Search Data Identifies When A Company Might Relocate


Search Data Identifies When A Company Might Relocate




by  @lauriesullivan, April 30, 2018

Developers at the Economic Development Authority in Western Nevada (EDAWN), a nonprofit regional economic investment authority chartered with attracting companies to Reno, Nevada, have developed a platform that can identify when companies have an interest in relocating.


EDAWN’s platform, built on technology from Bombora, identifies interest from website searches and intent data based on specific topics and words on a page.
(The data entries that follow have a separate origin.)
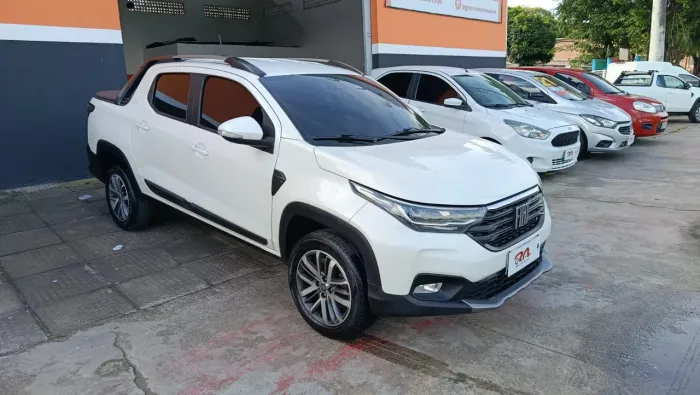 Fiat Strada Volcano 1.3 Flex 8V CD 2021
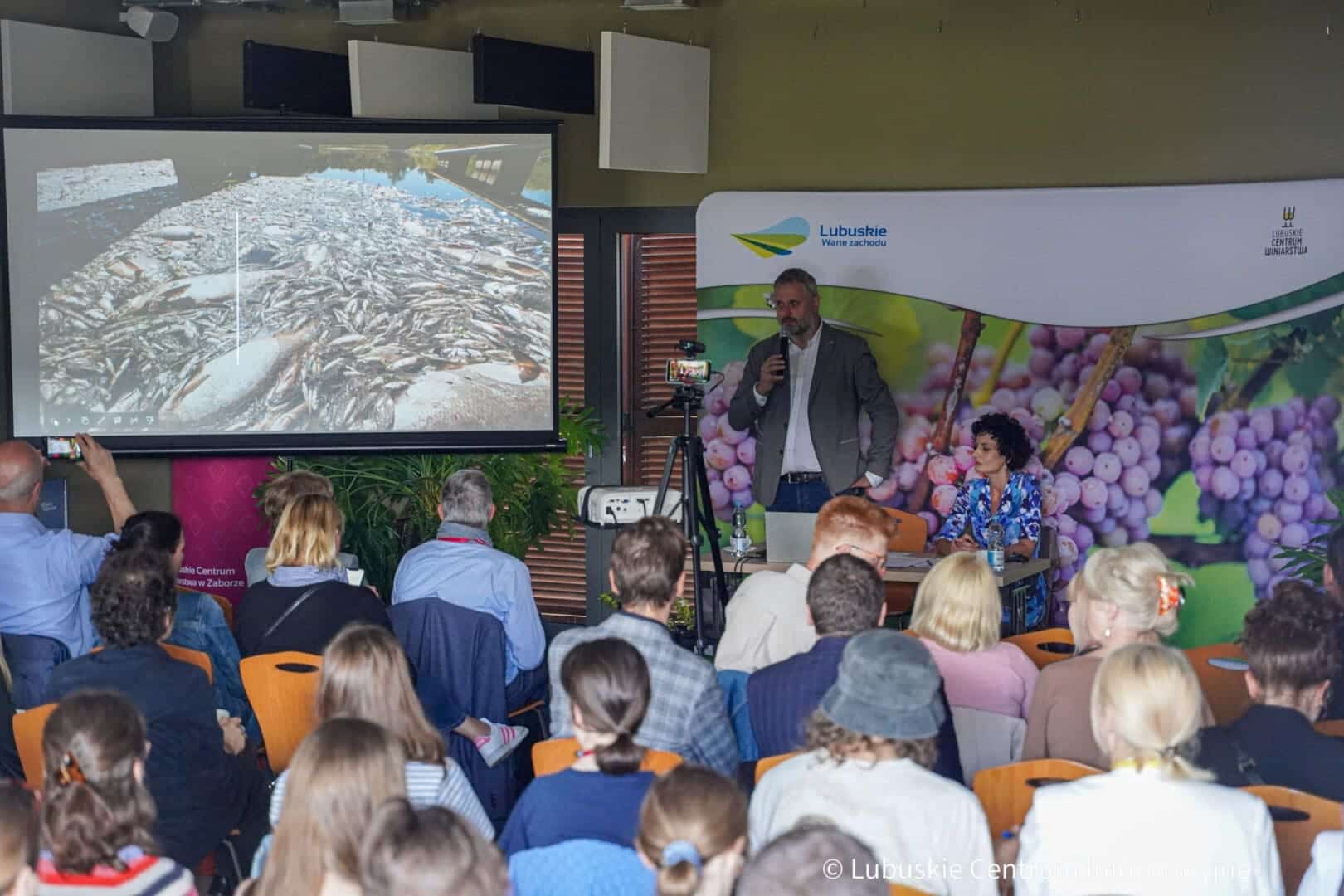 Zdjęcia LCI  Kto psuje stosunki polsko niemieckie Widać to na przykładzie katastrofy ekologicznej na Odrze WIDEO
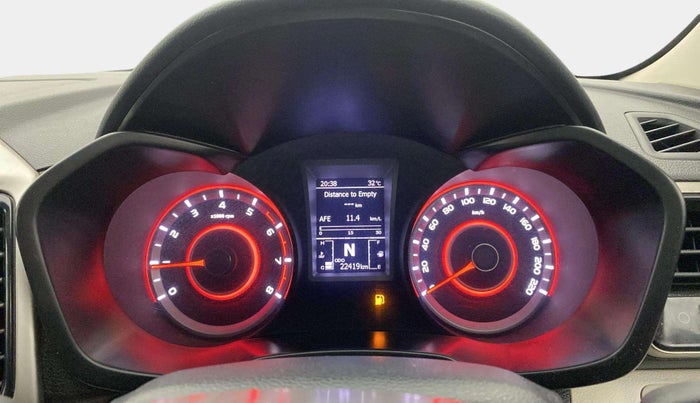 2020 Mahindra XUV300 W8 1.2 PETROL, Petrol, Manual, 22,399 km, Odometer Image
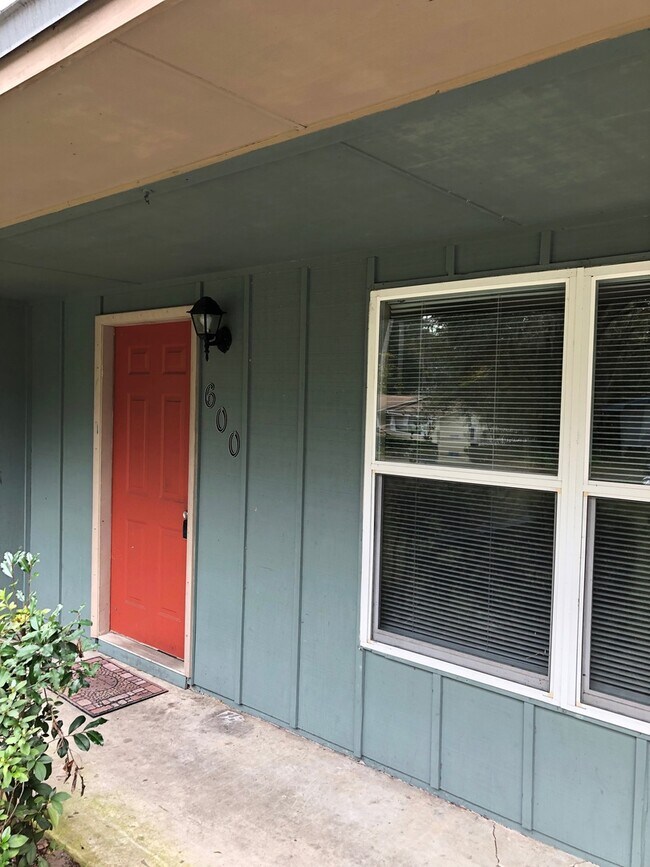 Building Photo - Great Family Home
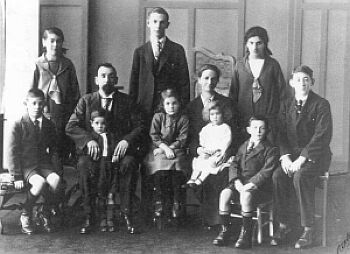 Back row: Mary, Alex and Sarah; Front Row; John, Robert holding Stan; Helen, Kate holding Kate; Bill and Bert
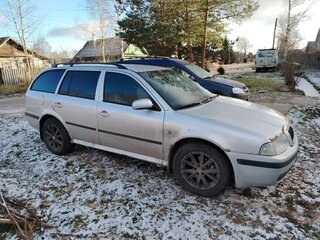 2008 Skoda Octavia I (A4) Рестайлинг, серебристый, 310000 рублей, вид 2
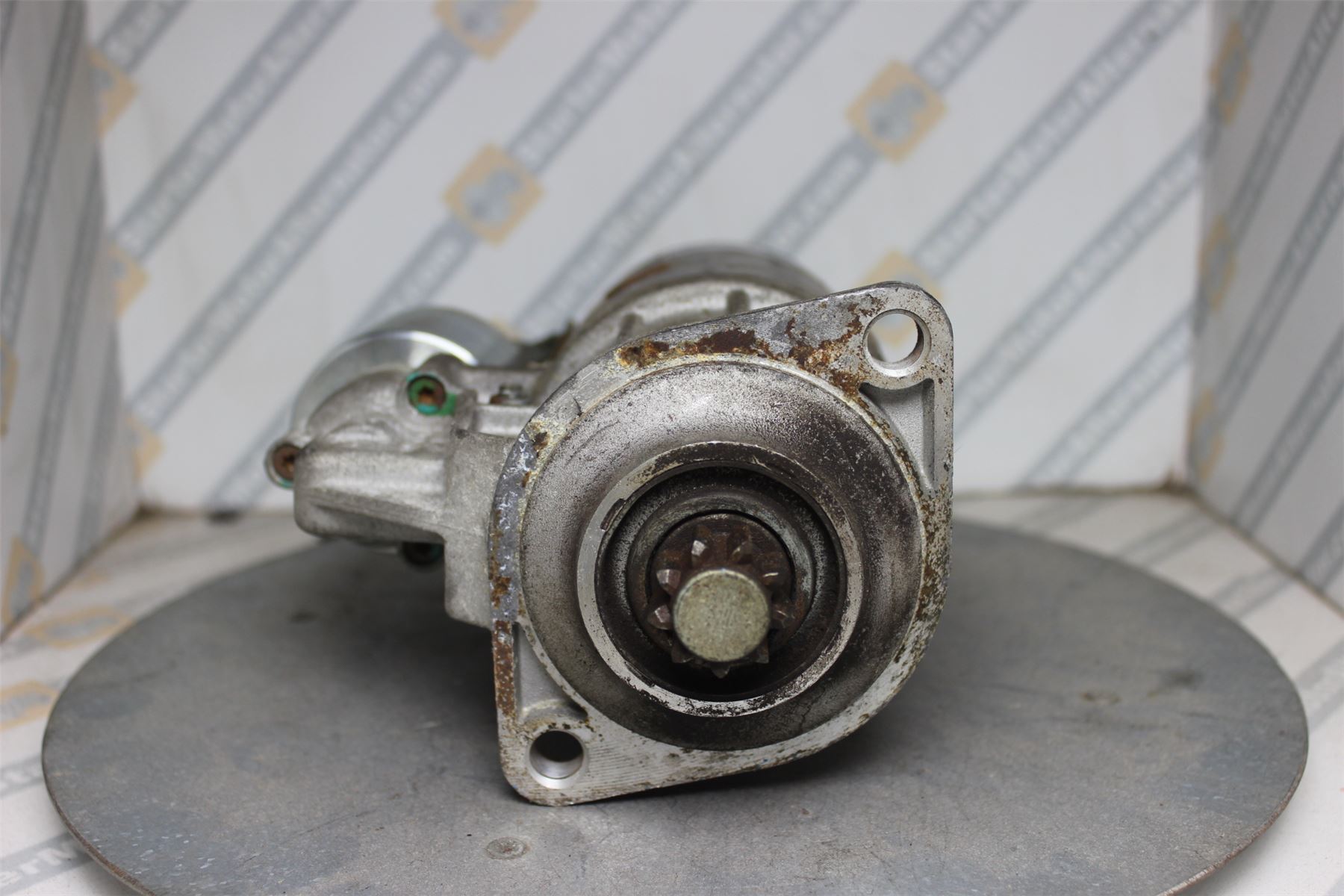 XIY1019 Starter Motor For Volkswagen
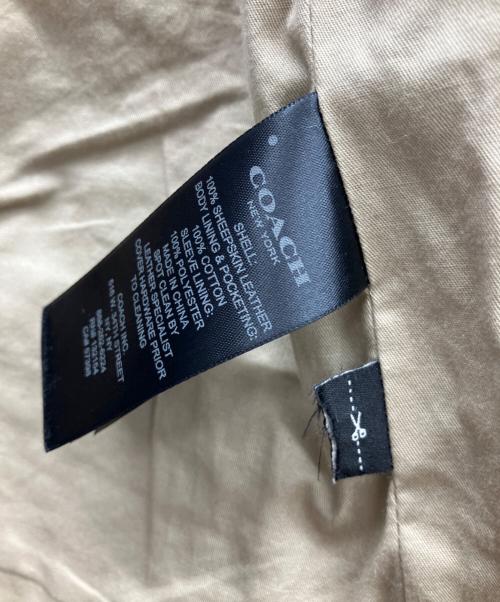 COACH（コーチ）COACH (コーチ) レザージャケット ベージュ サイズ:XSの古着・服飾アイテム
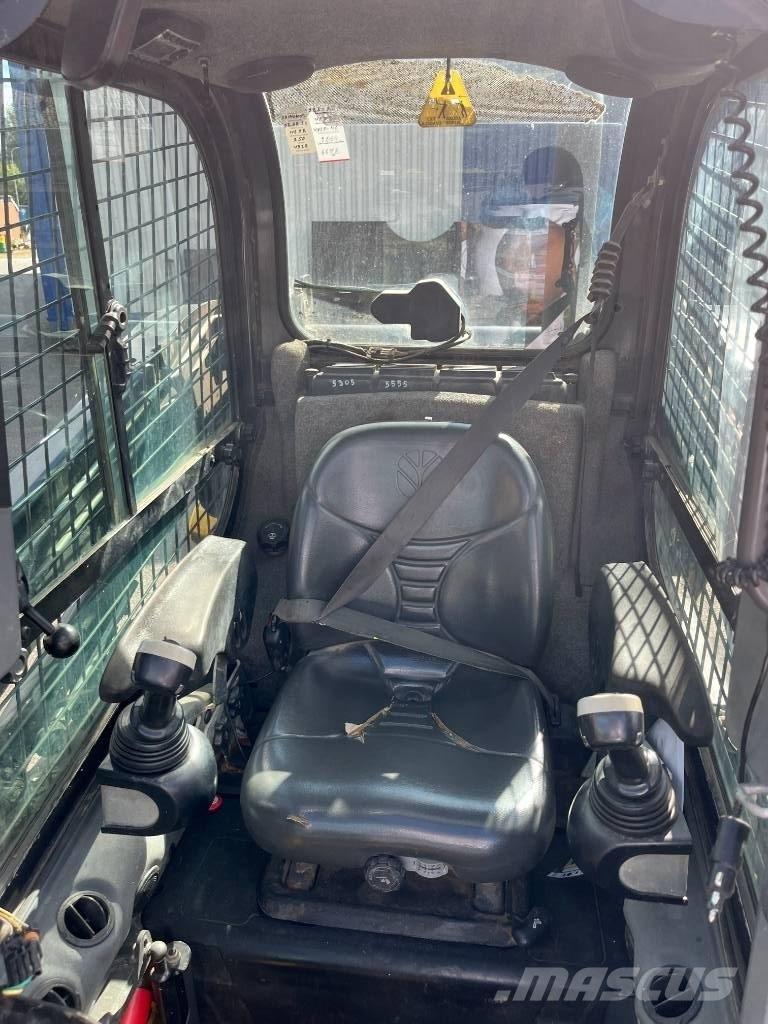 New Holland L 218 滑移装载机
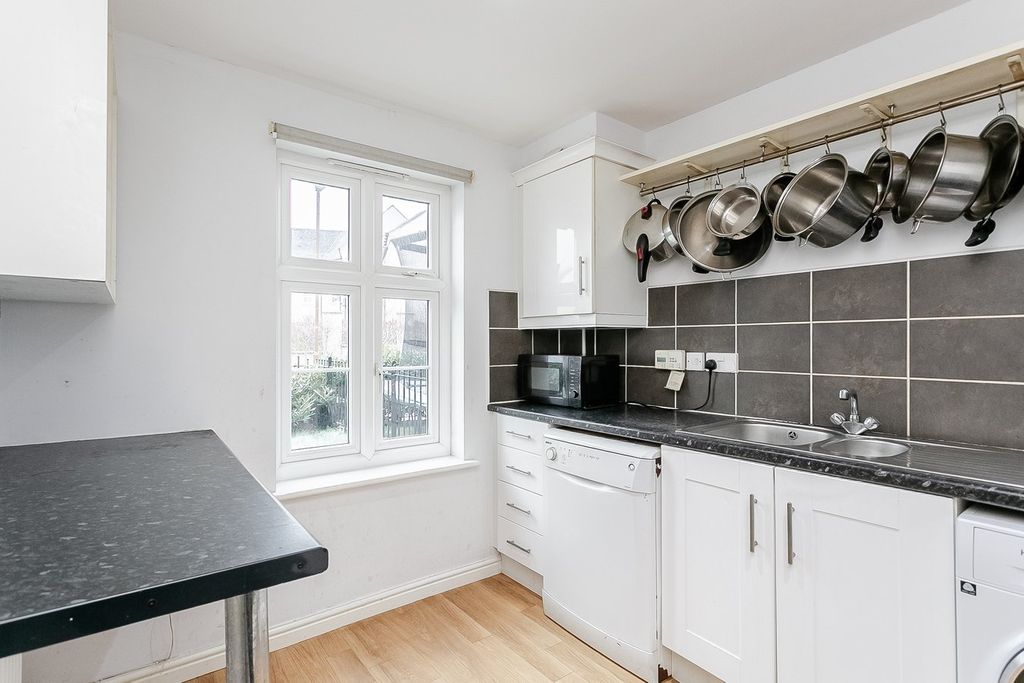 Additional image 7 of 3 bed terraced house for saleBurnbrae Pend, Bonnyrigg EH19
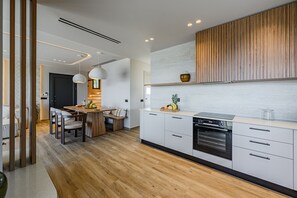 ไมโครเวฟ, เครื่องชงกาแฟเอสเปรสโซ, เครื่องชงกาแฟ/ชา, กาต้มน้ำไฟฟ้า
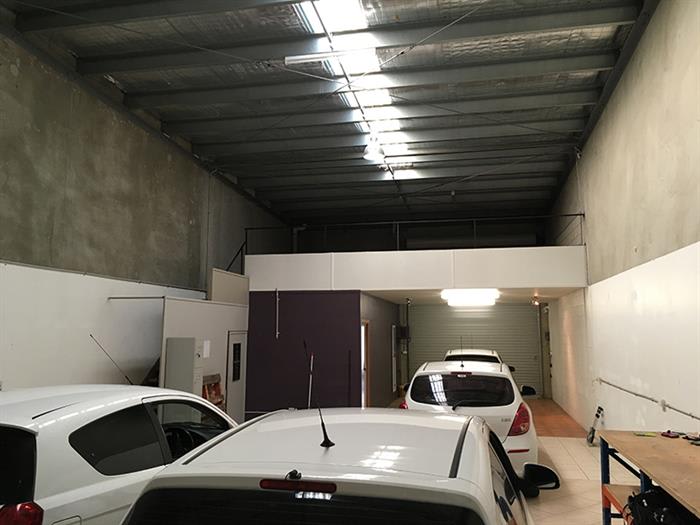 Click to view all images 7/36 Premier Circuit Warana QLD 4575 - Image 2
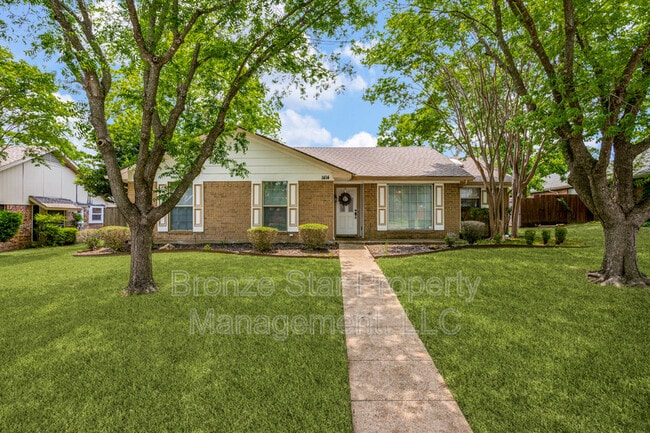 1414 Woodcreek Dr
It can also identify the company considering the move by analyzing the content its employees consume. 


Doug Erwin, senior vice president at EDAWN, led the team that developed the tool, which took between six and eight months to build. “We take a pre-identified data set of potential companies that might want to move,” he said, “and feed that data into Bombora.


Bombora’s technology analyzes website searches and content read on sites of about 1.5 million companies worldwide. It establishes a baseline to measure how often employees search on or show interest in a specific topic. A co-op of publishers like Business Insider pool the data and allow businesses to check the topics getting traffic from specific domains.


When interest rises above the baseline, Bombora calls it “a surge.” EDAWN subscribes to certain topics such as “corporate communication,” “corporate relocation,” and “Reno.”


EDAWN uploads “raw” data from Crunchbase into the Bombora tool. It sends back a list of companies based on the type of media that people at the company consume, such as information on business relocation, corporate relocation and some other things like lower taxes and operational efficiencies.


“Open rates, click-through rates and reply rates have gone up significantly,” he said. “We’ve been able to build a real lead generation tool from it.”  


Erwin said the model turns the data into an email campaign to capitalize on the lack of retention rates driving companies and people out of the Bay area.


“We send about 100 emails every other week,” he said. “And we built a pipeline of about 60 companies we’re working with. We’ve had about 10% say they are in the active stages of planning two visit sites.”


The normal sales cycle is about 16 months to 18 months, Erwin, said, but the nonprofit already has seen one company commit to moving. The big experiment with this data is trying to identify the correct time to approach them.